Explicit isomorphism of $\mathbb G_m/\{\pm 1 \}$ with $\mathbb G_m$ Let $G$ be a linear algebraic group over an algebraically closed field, and let $H$ be a closed subgroup.  Identify all groups with their closed points.  General theory guarantees the structure of a quasiprojective variety on the space of cosets $G/H$ in the quotient topology.  
This is done by constructing a rational representation $\pi: G \rightarrow \textrm{GL}(V)$, together with an element $0 \neq v \in V$, such that $H$ is the stabilizer in $G$ of the line $[v]$ through $v$, and $\mathfrak h$ is the stabilizer in $\mathfrak g$ the same line.  The representation induces an action of $G$ on $\mathbb{P}(V)$, and $G/H$ is given its variety structure via the resulting bijection with the orbit $G[v]$.  

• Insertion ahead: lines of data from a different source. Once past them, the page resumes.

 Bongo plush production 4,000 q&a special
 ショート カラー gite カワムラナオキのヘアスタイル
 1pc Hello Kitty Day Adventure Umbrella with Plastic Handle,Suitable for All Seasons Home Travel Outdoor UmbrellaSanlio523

Let $G = \mathbb{G}_m$, and let $H = \{ \pm 1 \}$.  The quotient $G/H$ is a one dimensional algebraic group consisting of semisimple elements, so it should be isomorphic to $\mathbb{G}_m$.  I'm wondering how one can construct an explicit isomorphism of $G/H$ with $\mathbb{G}_m$.

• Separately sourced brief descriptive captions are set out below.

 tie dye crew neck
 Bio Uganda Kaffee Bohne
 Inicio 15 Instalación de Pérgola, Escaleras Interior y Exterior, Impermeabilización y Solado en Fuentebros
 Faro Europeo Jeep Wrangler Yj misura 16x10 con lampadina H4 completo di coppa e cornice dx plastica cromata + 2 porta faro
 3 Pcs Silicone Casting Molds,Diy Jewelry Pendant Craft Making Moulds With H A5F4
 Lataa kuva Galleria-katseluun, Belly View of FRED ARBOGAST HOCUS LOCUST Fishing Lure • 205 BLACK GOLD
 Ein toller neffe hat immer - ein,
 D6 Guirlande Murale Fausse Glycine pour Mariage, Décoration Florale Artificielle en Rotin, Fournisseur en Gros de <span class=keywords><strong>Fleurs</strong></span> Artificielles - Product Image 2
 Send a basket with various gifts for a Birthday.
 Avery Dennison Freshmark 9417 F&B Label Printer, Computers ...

 A: Assume we aren't in characteristic two.  Let $\lambda$ be a generator of $X(G)$.  Then $2\lambda$  is a generator of $X(G/H)$.
Define an isomorphism of abelian groups $\phi:X(\mathbb{G}_m) \rightarrow X(G/H)$ by $\phi(\chi) = 2\lambda$, where $\chi$ is a generator of $X(\mathbb{G}_m)$.  The morphism of algebraic groups $G \rightarrow \mathbb{G}_m, x \mapsto x^2$ induces a morphism of algebraic groups $f: G/H \rightarrow \mathbb{G}_m$.
We have $\phi(2\lambda) \circ f(xH) =\chi \circ f(xH) =  x^2 = 2\lambda(xH)$.  This shows that $f$ is the morphism of tori corresponding to $\phi$.  Since $\phi$ is an isomorphism, the equivalence of categories between tori and free abelian groups tells us that $f$ is an isomorphism as well.
This is the weird thing: the inverse of $f$ does not look like a morphism of varieties.  At least to me, it does not appear to be continuous.  But it must be.  Explicitly, one chooses for each $x \in \mathbb{G}_m$ a square root $\sqrt{x}$, and defines $f^{-1}(x) = \sqrt{x}H$.